Professor Vassilis KOSTOPOULOS is the director of Applied Mechanics & Vibrations Lab., in the Dept. of Mechanical Engineering & Aeronautics, University of Patras AML/UPAT). He has a 30 year of experience in the field of composite and aerospace structures, more than 195 journal publications, more than 250 conference presentations, 4 books in the field of composites, 7 patents (3 EPO, 3 National and 1 US). Prof. Kostopoulos has extensive experience in research projects, having been the Principal Investigator for more than 40 European and more than 10 large national projects. For the last 5 years he holds the position of national delegate of Greece in the Advisory Council for Aerospace Research in Europe (ACARE) and he is vice chairman of the SRG in EU-JU-Clean Sky 2.
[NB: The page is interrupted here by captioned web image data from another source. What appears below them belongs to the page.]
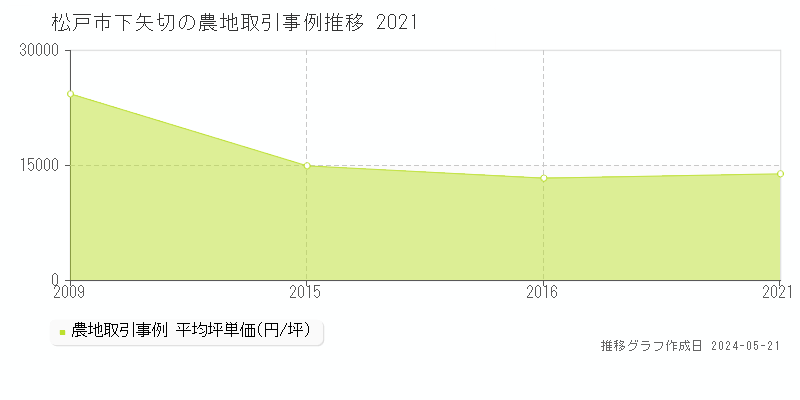 松戸市下矢切の農地価格推移グラフ 
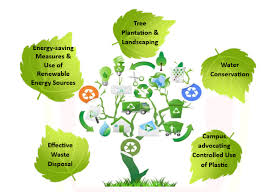 Assessment of Nurse's Knowledge and Practices Regarding Barriers to Green Practice in Operating Rooms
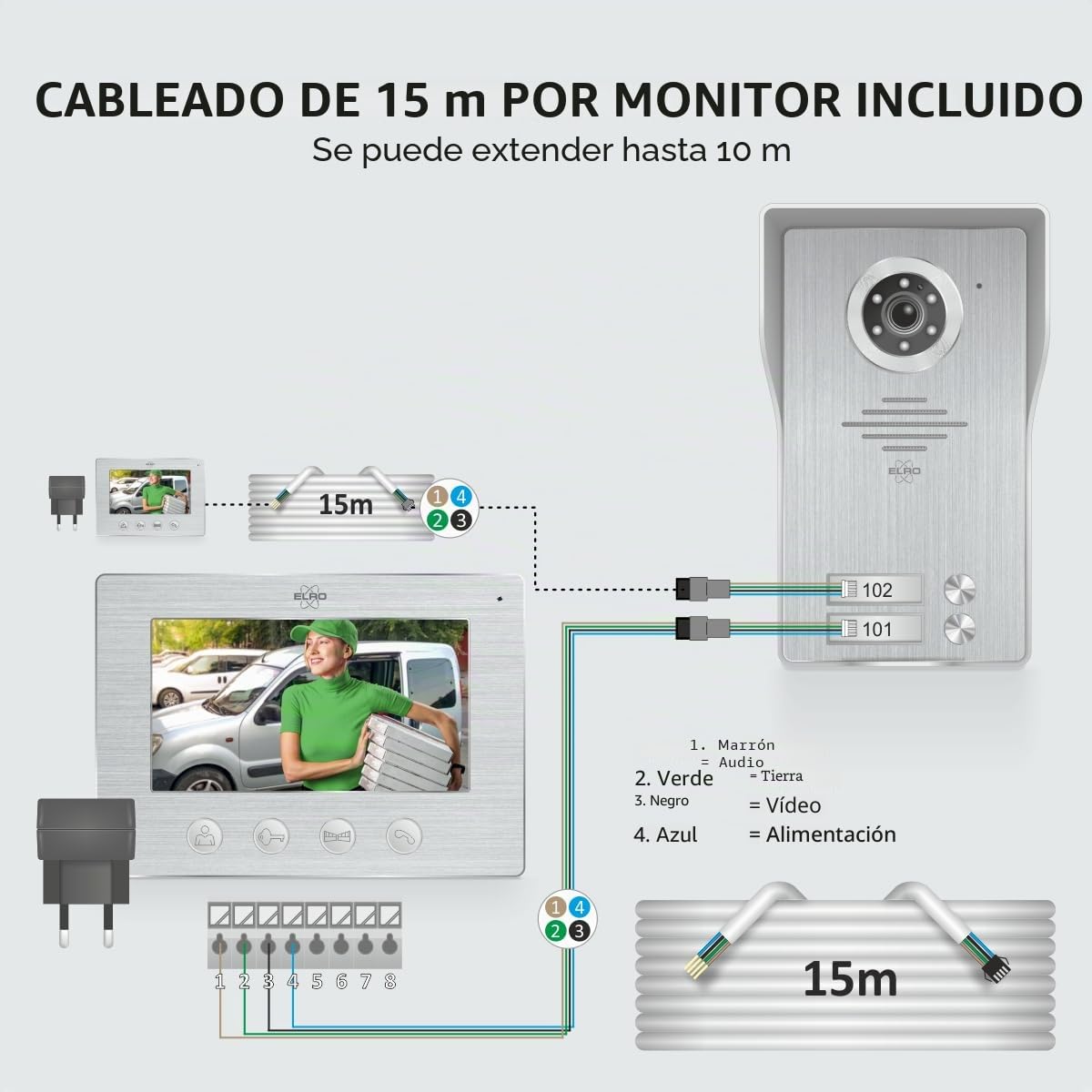 ELRO DV4000IP-2 Kit de Videoportero IP WiFi │ 2 Apartamentos │ Cámara 1080P Full HD con visión Nocturna │ Cable de 4 Hilos │ 16 Tonos de Llamada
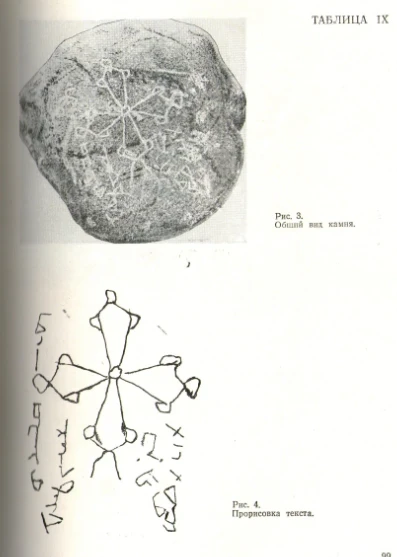 Семиречендик эрте орто кылымдык несториандык эстеликтери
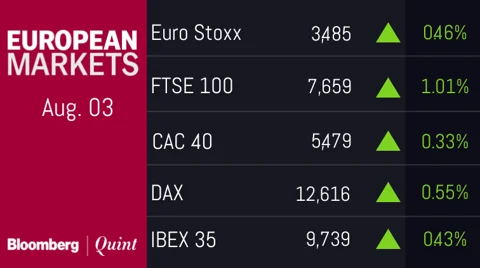 All You Need To Know Going Into Trade On August 6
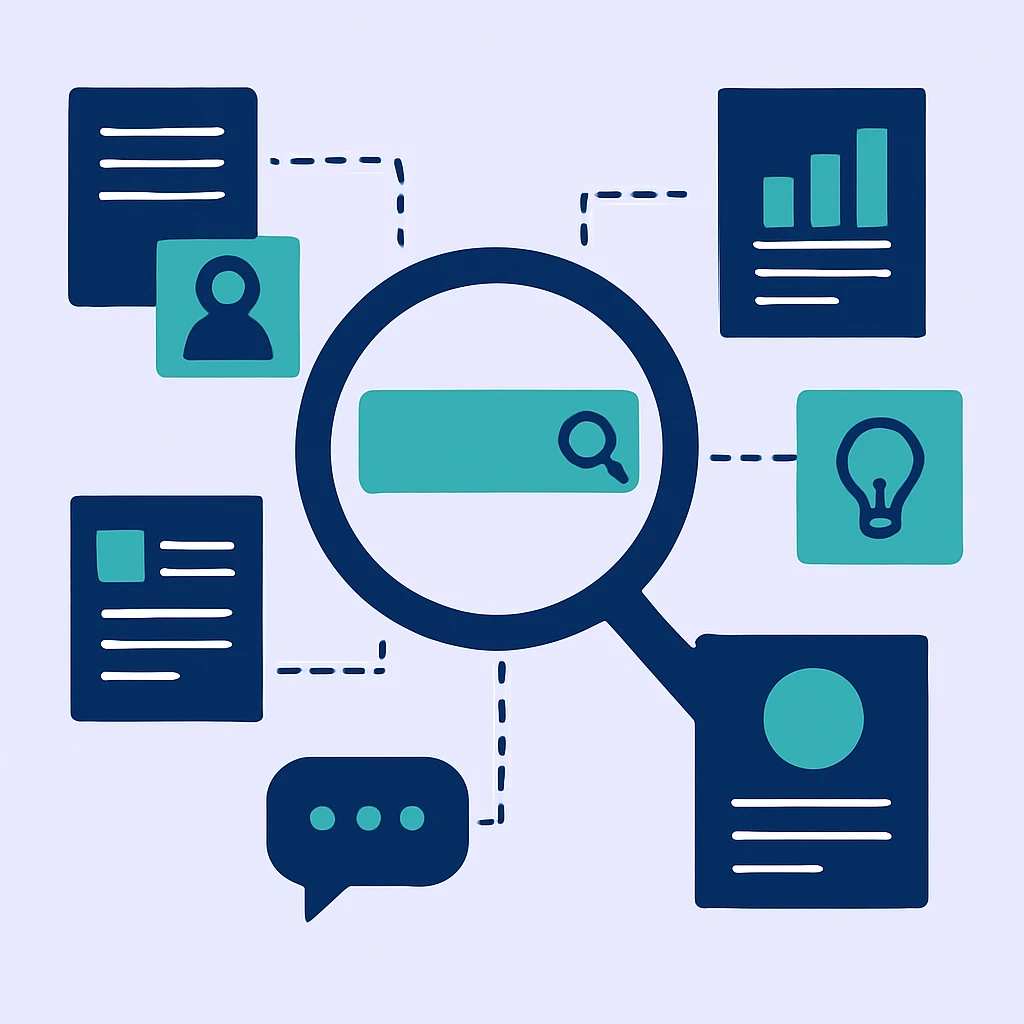 Overview of the key elements involved in Internal search for articles, authors, topics, and issues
His research interests lie in the fields of Design, Analysis and Optimization of Composite Structures, Multi-scale analysis of nano modified structural composites, Non-Destructive Inspection & Evaluation of Engineering Structures, Structural Health Monitoring, Nano-augmentation, Nano-engineering and Nano-design of structural composite materials, Fracture and Fatigue of Composites Materials and Structures, high strain rate behavior of composites, Blast behavior of Structures, Eco-design of composite structures, Natural fibers/green resin composites, Life cycle analysis of composite structures, Reuse and recycling of composites.

He has been the main Supervisor of 29 completed PhD theses. His work has received more than 3780 citations and has an H-index 34.

Title

An Innovative Material Model Calibration Procedure for Enhancing the Fidelity of Numerical Solution in the Case of Impact Loading of Composites

Abstract

The numerical prediction of impact induced damage to composite materials and the subsequent residual strength under compression loading continues to be a challenging task. The current study proposes an innovative material model calibration procedure to approximate the optimal combination of material model parameters that represent the experimental response of Cycom 977-2 material.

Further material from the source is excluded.